The factors which play a large role in determining the scope of a covenant are (i) the degree of the risk undertaken by the lender; (ii) the nature of the borrower; and (iii) whether the loan is a secured or an unsecured loan.

The main purpose of a covenant, for an unsecured loan, is to provide more security to the lender; and although this might appear as if the covenants are obstacles creating a burden and a restriction on the borrower during its term, it is of extreme necessity in order to monitor the condition of the borrower and the terms of the loan.
Such a covenant, among other things, will include providing financial statements to the lender in order to establish whether the borrower is still in a financially viable position.

The functions of these covenants, especially in an unsecured loan, is not to restrict the borrower of its day to day activities but to rather instil in the lender the surety that the borrower will not act recklessly or partake in activities that might put the loan and the lender at risk.

Some of these functions might include that the borrower refrain from international activities without obtaining the written consent of the lender, the pari passu clause the restriction of extending any funds to any third parties, restrictions on its capital expenditure, refraining from disposing of its assets without obtaining the written consent of the lender, the borrower must remain within specific financial ratios at all times, or is restricted to undergo a substantial change in its business, the borrower might be obligated to make available to the lender financial information upon request, and further, the borrower might be restricted to incur any other debt or liabilities during the course of the loan period.

In the event that the borrower breaches any of the covenants as set out in the loan agreement, a number of remedies can be looked at, namely, the acceleration of the loan and the lender cancelling its commitments to further extend funds.

One of the most important covenants in an unsecured loan is the negative pledge.

The negative pledge reads as follows:

“The borrower will not create or permit security on its assets or those of its subsidiaries.”

The reason for the inclusion of this clause is to prohibit the borrower from encumbering any of its assets under security.

Another reason is to prohibit a situation where the borrower grants security to another creditor for one of its subsidiaries.

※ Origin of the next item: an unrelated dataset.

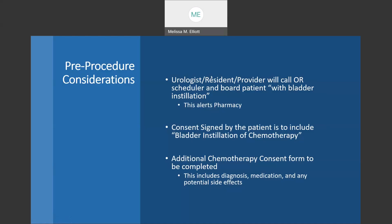The first thing we're going to look at are the pre-procedure considerations. When the urologist, resident, or provider calls the scheduler and boards a patient, we're asking that they board the patient with bladder installation. The scheduler has also been asked that when they receive a phone call from the urologist or urology resident, they ask if the patient is to be boarded with a bladder installation. This alerts pharmacy so that they have ample time to prepare the medication, and also allows them to ensure that they have the appropriate staff working, as not every staff member is able to prepare chemotherapy.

It leaves no assets available for the lender as the unsecured creditor.

Another important covenant is the pari passu clause.

The pari passu clause reads as follows:

“The borrower’s obligations under the loan agreement will rank pari passu with all its other unsecured liabilities.”

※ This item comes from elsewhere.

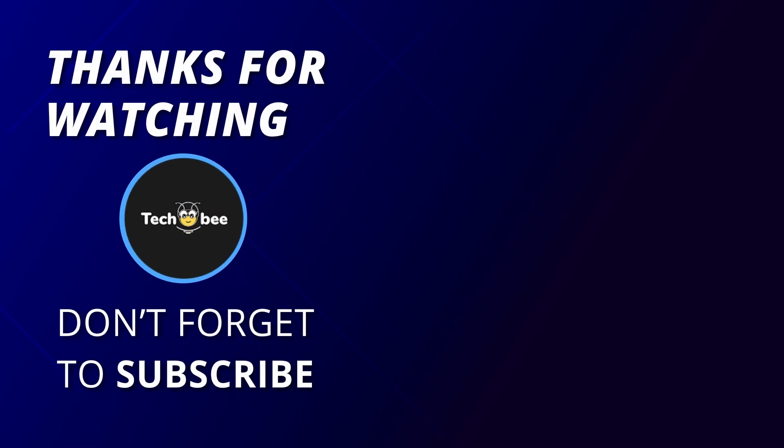That concludes our list of the best budget mechanical keyboards of 2023. Don't forget to check the links in the description below to find these keyboards on Amazon. If you enjoyed this video, be sure to like and subscribe to our channel for more tech reviews and recommendations. Thank you for watching, and we'll see you in the next one.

This clause demands an equal ranking.

In the event that the borrower’s assets are distributed, the lender’s unsecured loan shall have first ranking value against any other loans that the borrower might have.

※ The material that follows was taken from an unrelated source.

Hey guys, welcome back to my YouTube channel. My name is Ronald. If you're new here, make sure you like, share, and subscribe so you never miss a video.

Therefore there are many other covenants which govern the borrower’s business as well as its decision making processes, in order that neither the lender nor the loan will be at risk.

The moment the lender extends capital to the borrower, the lender acquires an interest in the preservation of that capital. Therefore one might suggest that the lender, although in silence, extends a hand of management when it comes to the operations of the business in order to protect the loan granted.

The “hand of management” is exhibited by means of covenants which bound the borrower, and is enforced by the lender.

“As Ben Franklin noted 250 years ago, creditors have better memories then debtors.”